How to get the width of each level?
With this indexing system (Figure 1), we can see that the width of each level is rightmost non-null node index — leftmost non-null node index + 1
:
- level 1 width = 1
- level 2 width = 2–1 + 1 = 2
- level 3 width = 6–3 + 1 = 4
How does each node’s index relate to their children’s indices?
In Figure 2, we can see that with our indexing system, each parent-children group (as highlighted in green) could be:
- Given node index
idx
- Index of its left child =
2 * idx + 1
- Index of its right child =
2 * idx + 2
Python implementation
Put these together, we use a deque to store both tree nodes and their indices at each level.

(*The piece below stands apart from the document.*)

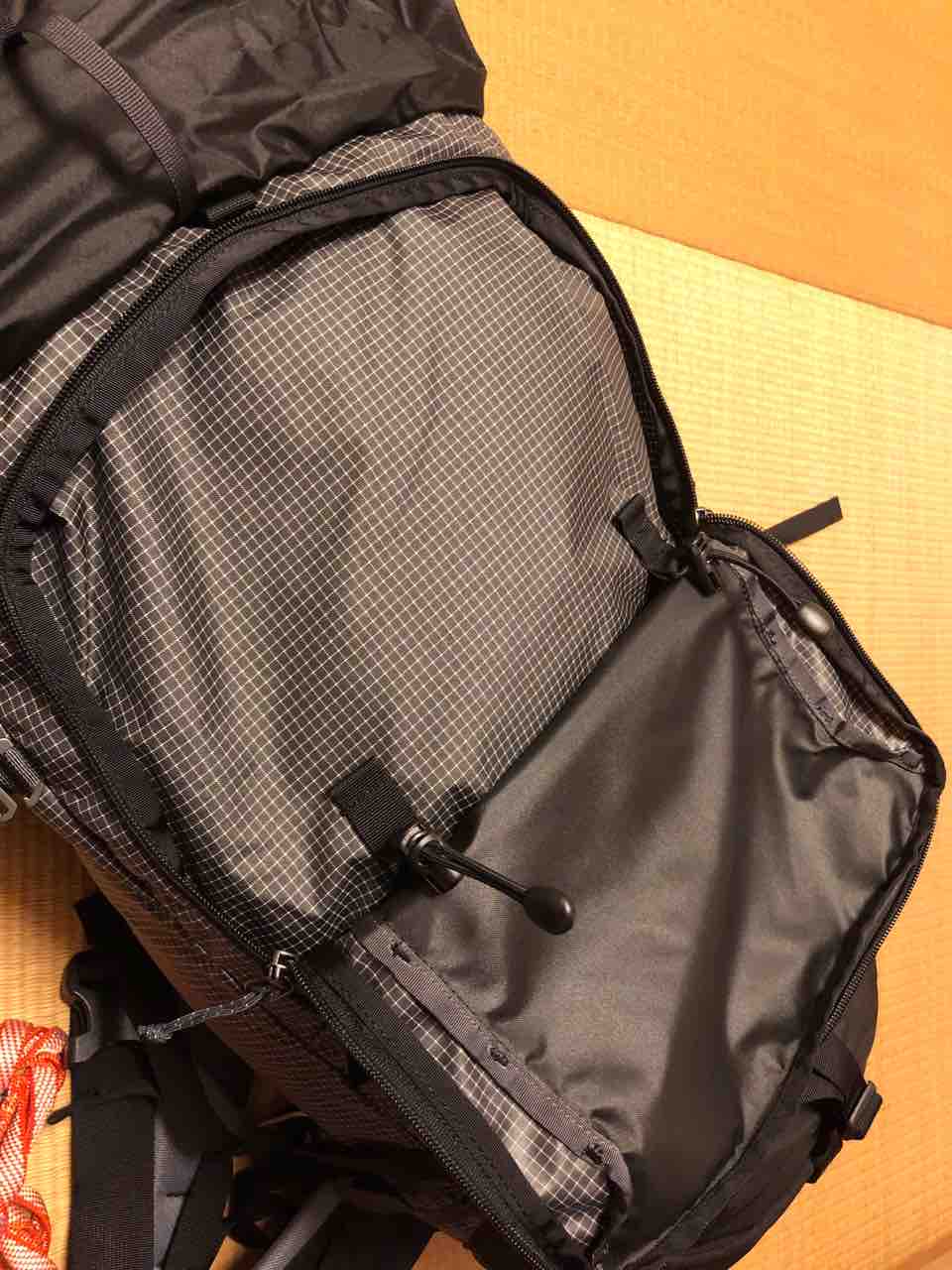 Patagonia Descensionist (ディセンジョニスト) 40L : 山に行きたい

Before working on (node, idx)s of each level, we first keep a note of the first non-null idx as leftmost_idx
. As we complete traversing the level, the latest idx
would be the rightmost non-null node’s index at the level. This gives us the width of each level as idx — leftmost_idx + 1
. This then allows us to obtain the maximum width across all levels when we complete the traversal:
from collections import deque
from typing import Optional
# Define a binary tree node
class TreeNode(object):
def __init__(self, val=0, left=None, right=None):
self.val = val
self.left = left
self.right = right
class Solution:
def widthOfBinaryTree(self, root: Optional[TreeNode]) -> int:
# If tree is empty, return 0
if not root:
return 0
# Initialize maximum width with 0
max_width = 0
# Initialize a queue for BFS.
# For each node, we store both the node and its index.
queue = deque([(root, 0)])
# At beginning of each loop,
# the FIFO queue only contains all nodes at the current level
# Ii a left-to-right order
while queue:
level_length = len(queue)
# We first keep a note of the leftmost non-null node's index
_, level_start_index = queue[0]
# Now we follow the "dequeue node, enqueue children" pattern
# to (1) work on the node of the current level and
# (2) populate the queue with nodes of the next level
for _ in range(level_length):
# As we traverse the current level, we dequeue the node
node, idx = queue.popleft()
# If left child exists, we enqueue it
if node.left:
# Left child's index is 2 * parent's index + 1
queue.append((node.left, 2 * idx + 1))
# If right child exists, we enqueue it
if node.right:
# Right child's index is 2 * parent's index + 2
queue.append((node.right, 2 * idx + 2))
# At the end of each level traversal, we update the maximum width
max_width = max(max_width, idx - level_start_index + 1)
return max_width
Time and space complexity
- Space complexity = O(n): At most, the queue will hold all the nodes at the level of the tree that has the maximum width. In the worst case, this could be the last level of a balanced binary tree containing approximately n/2 nodes → O(n/2) = O(n)
- Time complexity = O(n): Since we need to traverse all nodes in the tree once
where n = number of nodes in the tree
Example unit tests (pytest)
import pytest
from leetcode_journal.bfs.binary_tree_maximum_width_662_medium import (
Solution,
TreeNode,
)
@pytest.fixture
def simple_tree():
"""
Constructs a 3-level, max-with = 4 binary tree as follows:
1
/ \
2 3
/ \ \
4 5 6
"""
node4 = TreeNode(4)
node5 = TreeNode(5)
node6 = TreeNode(6)
node2 = TreeNode(2, left=node4, right=node5)
node3 = TreeNode(3, left=None, right=node6)
root = TreeNode(1, left=node2, right=node3)
return root
@pytest.fixture
def single_node_tree():
return TreeNode(1)
@pytest.fixture
def empty_tree():
return None
def test_max_width_of_simple_tree(simple_tree):
solution = Solution()
assert solution.widthOfBinaryTree(simple_tree) == 4
def test_max_width_of_single_node_tree(single_node_tree):
solution = Solution()
assert solution.widthOfBinaryTree(single_node_tree) == 1
def test_max_width_of_empty_tree(empty_tree):
solution = Solution()
assert solution.widthOfBinaryTree(empty_tree) == 0